A bill under consideration in the New Jersey Statehouse would create a program that has the court decide whether electronic monitoring should be activated for people charged or convicted in cases involving sexual assault, domestic violence, human trafficking, and kidnapping.
"It's not something that's mandated by the court — the victim would have to consent to have it done," said Assemblyman Sterley Stanley, D-Middlesex, a primary sponsor of the measure.
Amendments to Stanley's bill were up for discussion during a June 15 hearing of the Assembly Judiciary Committee. Among the changes: adding human trafficking to the list of eligible offenses, and reducing the state's appropriation for the program from $50 million to $15 million.
With restraining orders, victims of certain crimes aren't fully at peace, Stanley suggested.
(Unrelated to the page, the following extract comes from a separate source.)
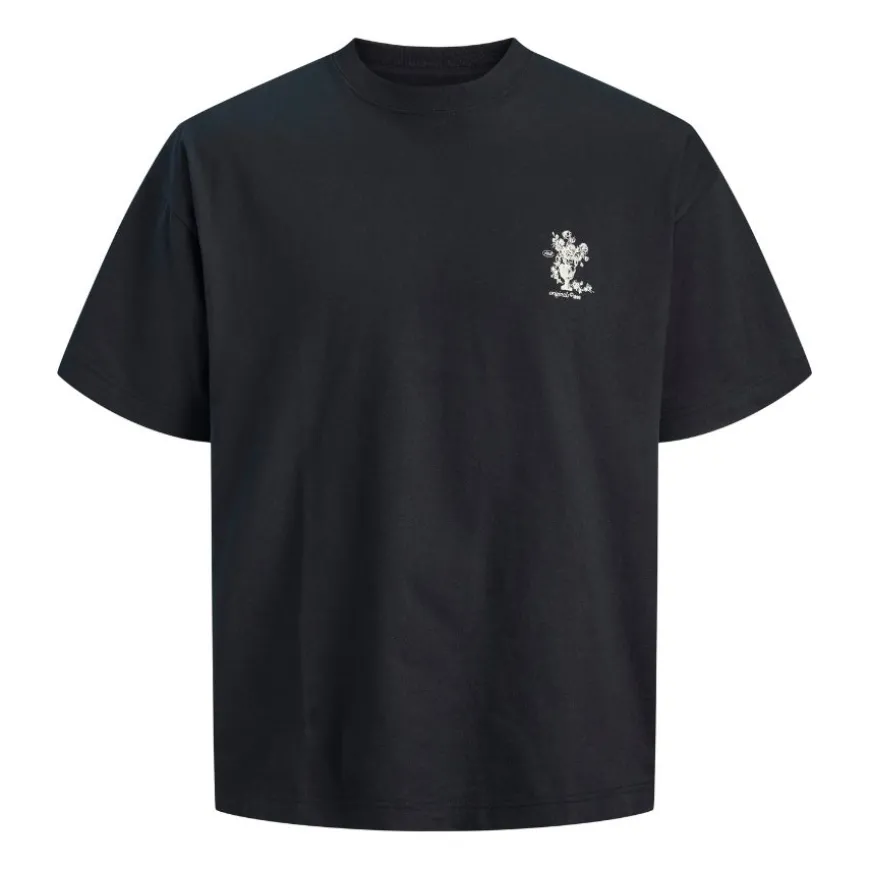 Camisetas manga corta Jack & jones Jjedenver Graphic Tee Ss O-Neck Sn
It's a "he-said, she-said" scenario when a victim tells police that their victim violated an order, he said.
With electronic monitoring, Stanley said, a third-party vendor will immediately be able to tell when the two parties are close to one another, and the victim would be notified and asked whether they want to get police involved.
"This is a victim safety bill, not a criminal apprehension bill," Stanley said.
The proposal has sparked concerns among certain groups, including the New Jersey Coalition to End Domestic Violence.
Nicole Morella, NJCEDV's director of policy and education, said expanded electronic monitoring "could perpetuate racial bias in the criminal justice system."
"We are requesting that a racial impact analysis be done on this legislation," Morella told lawmakers.
Morella also criticized monetary penalties proposed in the bill — that money, she said, is money that will no longer be available to the victim or for the defendant to access mandated fee-based services.
The bill allows the court to waive payment of fees and/or penalties in cases of extreme financial hardship.
Sterley's bill was introduced a February. A Senate version was introduced in June.